Поскольку два наших первых показа были сорваны, люди, чтобы посмотреть наш фильм, должны были ехать из Западной Германии аж в Дрезден. Но тем самым ватники сделали "Укропам Донбасса" огласку. После Германии были Польша, Турция, Испания, Швеция, Франция. Затем мы поехали с выставкой Ukraine EXISTS в ООН, там, в частности, показывали и этот фильм. Далее выставка поехала по Америке, и наш фильм вместе с ней. Потом я возил фильм в Англию, Ирландию, Шотландию. "Укропы Донбасса" мы делали всем миром. Аппаратуру взяли на Магнолия-ТВ. Остальное сделали волонтерским способом: один написал музыку, другой помог с тонированием фильма, кто-то сделал перевод, кто-то - дубляж. И никто никогда не отказал в помощи.

Я все время прошу наших представителей диаспоры - ведите местных на показ фильма. И они подтягивают. Знаете, как бывает: жена - украинка, а муж - француз. Так я говорю: бери мужа, зови друзей.

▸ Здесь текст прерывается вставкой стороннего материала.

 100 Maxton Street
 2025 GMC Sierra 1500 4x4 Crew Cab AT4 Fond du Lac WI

- Знакомые вернулись из Европы. Они побывали в нескольких странах, общались с местными - хозяином отеля, посетителями в кафе и т.п. Были удивлены, что многим это или просто неинтересно, или же они имеют искаженное представление о событиях на Востоке Украины.

- А ты много знаешь о том, что происходит в Боливии, например? А когда был конфликт в Грузии, многих ли украинцев это волновало? То-то же. Это наша проблема: мы мало кричим о том, что происходит в нашей стране. Надо ездить и рассказывать. Это наша война. Не их. Сидит себе бауэр дома, все нормально, за ворот не капает. А если мы его вытянем, покажем фильм, - тогда у него будет понимание того, что происходит в Украине. Вот сейчас наши ребята и девушки возят по Европе фильм "Иловайск".

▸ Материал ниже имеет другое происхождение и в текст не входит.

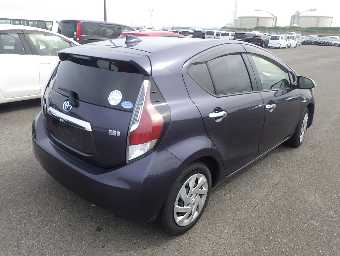 TOYOTA AQUA 2015 Image 4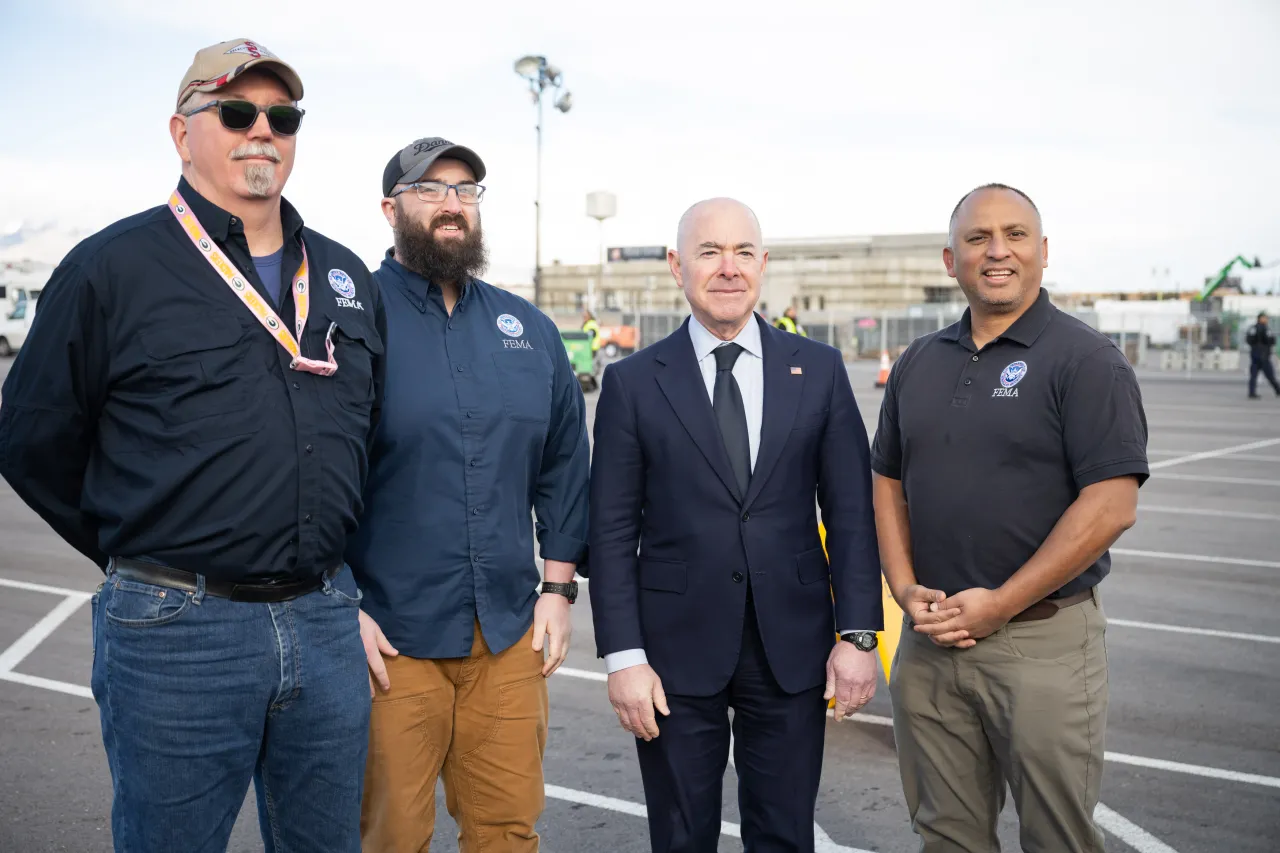 Image: DHS Secretary Alejandro Mayorkas Meets with DHS Employees Conducting Super Bowl Preparations (031)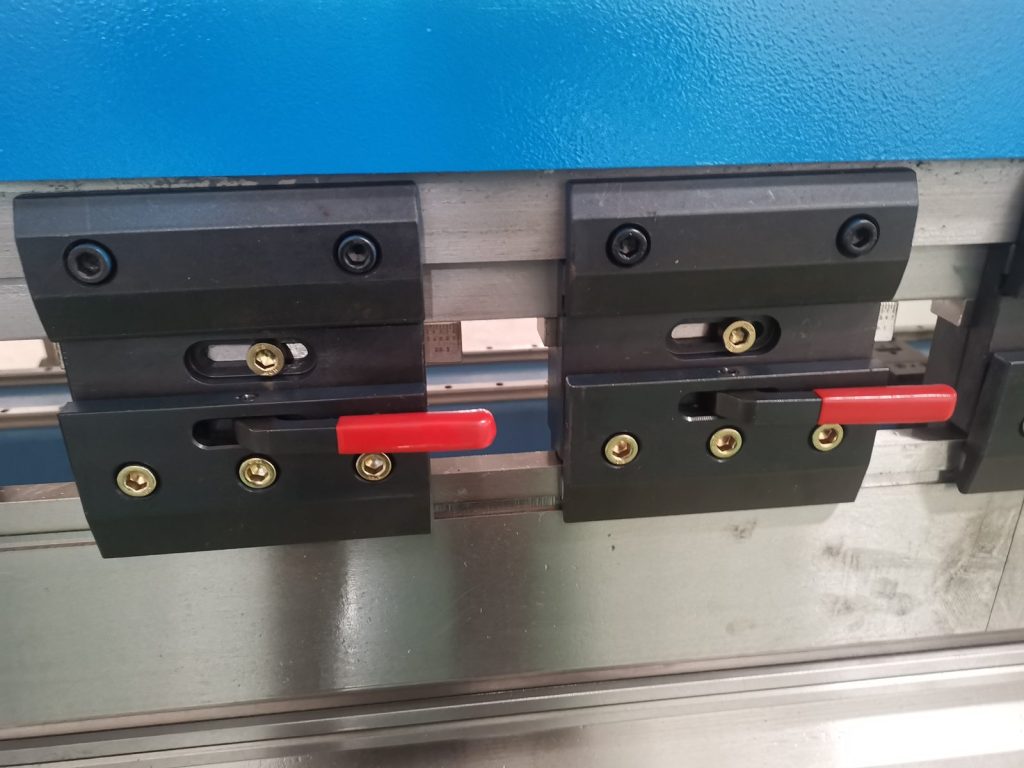 Press Brake Quick Release Clamp &mdash; Wila Type / Promecam / Amada Tooling Holder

- Ты написал несколько книг - "Гагарін и Барселона", "Ген воїна" и, конечно, "Казки на ніч". Не могу о них не вспомнить. Несмотря на название, эта книга не детская. Сказки - это зарисовки и очерки о жизни, об увиденном и услышанном: в метро, на улице. Они родились из постов в Фейсбуке и напоминают их - легкие, короткие. Жизнь сегодня, здесь и теперь. Интересно, почему ты так назвал книгу?

- Несколько лет назад как-то вечером я сел и написал пост в Фейсбуке, где изложил одну историю. Это было после Майдана, когда разворачивались военные действия, когда начали гибнуть мои друзья. Столько накопилось в голове и в душе, что я не выдержал всего этого и начал писать. Год писал каждый день. А потом решил: не хочу писать, чтобы просто писать. Буду делать это время от времени. А издатели сказали - попробуем сделать из этого книгу. Так все и пошло. Почему такое название? Так я подписывал свои посты с рассказами в Фейсбуке.

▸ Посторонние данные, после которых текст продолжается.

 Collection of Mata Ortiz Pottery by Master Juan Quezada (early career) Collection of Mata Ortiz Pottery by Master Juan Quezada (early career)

- В одной из своих последних сказок ты написал: "Когда-то, на конечной, к каждому из нас подойдет архангел и попросит проездные документы. И каждый должен будет рассказать, чем заплатил за проезд по жизни. Именно потому, чтобы не выглядеть безбилетником, я и живу так, как живу, и делаю то, что делаю". Это классно. Ты все делаешь с удовольствием?

- Да, у меня нет такого распределения: это - работа, а это - для души. Мое хобби - это моя работа. Я не пишу книги специально, - они пишутся сами. Жизнь идет так, как она должна идти. Все прекрасно. Если бы не война, где гибнут люди, я бы вообще сказал, что счастливее, чем я, человека просто нет. Когда я звоню куму на передовую и слышу в телефонную трубку то, что слышу, или он пишет: "Выспался? А нас здесь сегодня валили!", - то не могу быть счастливым.

В детстве я слышал выражение "до войны". Что это такое - "до войны"? А теперь я это понимаю. Уже больше никогда не будет того "до войны". Теперь всю свою жизнь я делю на "до войны" и "сейчас".